The TS is a valuable tool to identify the population at a very high risk of developing T2DM, requiring immediate and intense post-AMI and long-term intervention. The “Pre-DM sub-scale” reinforced the strong link between being pre-DM (HbA1C of 5.7–6.0% and ≥6.0%) and a higher NODM risk, highlighting the need for effective monitoring and management of HbA1C levels.

4.5. Limitations

There are several limitations in our study. It was a single-center study conducted under a retrospective design, which limits the ability to capture all diagnostic and treatment variables. However, it is a “real-life” database, unbiased by research studies that tend to exclude certain patients.

In our study, some significant factors were unavailable: medical treatment, adherence with guidelines, a sedentary lifestyle, and diet. “No results” is a surrogate marker of non-adherence; the same is true for a high BMI or not performing an echocardiogram after AMI. The magnitude of the missing data may be a strong bias, which is challenging to overcome when using a real-life database. The ethnic differences in HbA1C “normal” levels are some potential biases.

5. Conclusions

To the best of our knowledge, this is the first study to examine the risk factors of NODM following AMI over a long-term follow-up period based on a large, “real-life” population. Our findings emphasize the heightened risk of long-term NODM development among post-AMI patients, particularly among middle-aged individuals, minorities, and those with rich comorbidities, notably MetS. This highlights the importance of integrating comprehensive DM screening and preventative strategies into post-AMI care protocols, particularly for those with the significant risk factors identified in this study. The early detection and management of NODM post-AMI are crucial due to associated risks of mortality, recurrent MI, stroke, and recurrent catheterization within the first year.

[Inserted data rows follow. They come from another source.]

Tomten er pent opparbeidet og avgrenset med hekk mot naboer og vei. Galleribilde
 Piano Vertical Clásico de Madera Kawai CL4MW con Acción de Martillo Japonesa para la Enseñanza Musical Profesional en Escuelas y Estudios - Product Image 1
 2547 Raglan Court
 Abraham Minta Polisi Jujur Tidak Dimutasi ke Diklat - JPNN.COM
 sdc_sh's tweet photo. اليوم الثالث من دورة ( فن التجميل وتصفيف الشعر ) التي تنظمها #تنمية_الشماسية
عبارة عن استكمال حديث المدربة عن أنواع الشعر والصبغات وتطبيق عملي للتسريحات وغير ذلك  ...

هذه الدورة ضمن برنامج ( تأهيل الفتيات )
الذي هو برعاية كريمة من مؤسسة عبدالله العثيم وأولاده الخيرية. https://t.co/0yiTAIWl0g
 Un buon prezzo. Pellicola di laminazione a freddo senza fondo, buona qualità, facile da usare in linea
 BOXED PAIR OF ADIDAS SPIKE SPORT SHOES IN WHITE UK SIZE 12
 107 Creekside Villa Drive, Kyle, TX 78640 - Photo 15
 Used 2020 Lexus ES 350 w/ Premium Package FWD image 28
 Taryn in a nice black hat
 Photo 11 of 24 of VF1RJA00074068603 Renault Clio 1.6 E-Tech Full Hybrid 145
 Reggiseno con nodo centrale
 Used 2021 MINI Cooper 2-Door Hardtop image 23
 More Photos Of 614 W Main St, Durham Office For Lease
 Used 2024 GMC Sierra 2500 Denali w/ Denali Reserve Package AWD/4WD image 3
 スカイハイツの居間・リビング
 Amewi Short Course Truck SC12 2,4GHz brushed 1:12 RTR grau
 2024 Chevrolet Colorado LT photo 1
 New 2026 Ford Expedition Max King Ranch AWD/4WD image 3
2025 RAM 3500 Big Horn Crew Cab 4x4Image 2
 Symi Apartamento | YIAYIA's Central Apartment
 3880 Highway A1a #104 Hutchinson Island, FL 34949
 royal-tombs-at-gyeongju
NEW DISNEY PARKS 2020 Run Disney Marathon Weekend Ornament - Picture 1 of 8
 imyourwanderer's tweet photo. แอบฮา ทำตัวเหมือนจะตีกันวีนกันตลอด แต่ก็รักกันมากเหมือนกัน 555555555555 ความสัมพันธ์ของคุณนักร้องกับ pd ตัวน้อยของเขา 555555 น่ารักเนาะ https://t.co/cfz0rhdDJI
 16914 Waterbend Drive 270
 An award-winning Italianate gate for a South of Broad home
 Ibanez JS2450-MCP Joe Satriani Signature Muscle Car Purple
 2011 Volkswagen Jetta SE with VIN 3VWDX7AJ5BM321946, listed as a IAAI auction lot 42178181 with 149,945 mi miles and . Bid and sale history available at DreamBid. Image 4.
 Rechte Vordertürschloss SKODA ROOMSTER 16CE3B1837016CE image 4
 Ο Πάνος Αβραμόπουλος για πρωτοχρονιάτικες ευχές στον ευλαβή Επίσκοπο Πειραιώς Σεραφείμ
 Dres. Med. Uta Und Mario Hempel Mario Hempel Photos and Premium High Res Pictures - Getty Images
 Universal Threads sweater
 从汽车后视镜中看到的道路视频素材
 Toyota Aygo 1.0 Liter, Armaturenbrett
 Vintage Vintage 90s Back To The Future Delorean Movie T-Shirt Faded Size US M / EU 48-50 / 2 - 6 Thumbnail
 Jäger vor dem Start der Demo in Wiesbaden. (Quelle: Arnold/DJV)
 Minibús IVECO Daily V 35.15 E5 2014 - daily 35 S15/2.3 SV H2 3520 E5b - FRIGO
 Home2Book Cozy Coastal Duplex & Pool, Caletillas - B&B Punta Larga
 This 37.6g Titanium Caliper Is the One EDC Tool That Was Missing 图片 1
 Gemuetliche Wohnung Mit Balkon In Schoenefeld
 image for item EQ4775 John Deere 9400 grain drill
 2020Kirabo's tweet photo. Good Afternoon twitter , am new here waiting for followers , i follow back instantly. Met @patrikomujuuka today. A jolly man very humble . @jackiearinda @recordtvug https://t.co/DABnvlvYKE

Future research directions may include a prospective follow-up study focusing on investigating various outcomes (e.g., cardiovascular and non-cardiovascular mortality, major adverse cardiovascular and cerebrovascular events [MACCE], etc.) among the patients who developed NODM compared to those who did not develop NODM after AMI. Additionally, further population-based research could incorporate the general population (i.e., individuals without AMI) to determine the relative contribution of an AMI event to the development of diabetes. Such a study could also explore additional parameters, including a range of biomarkers, pharmacological treatments, and lifestyle changes, over the follow-up period.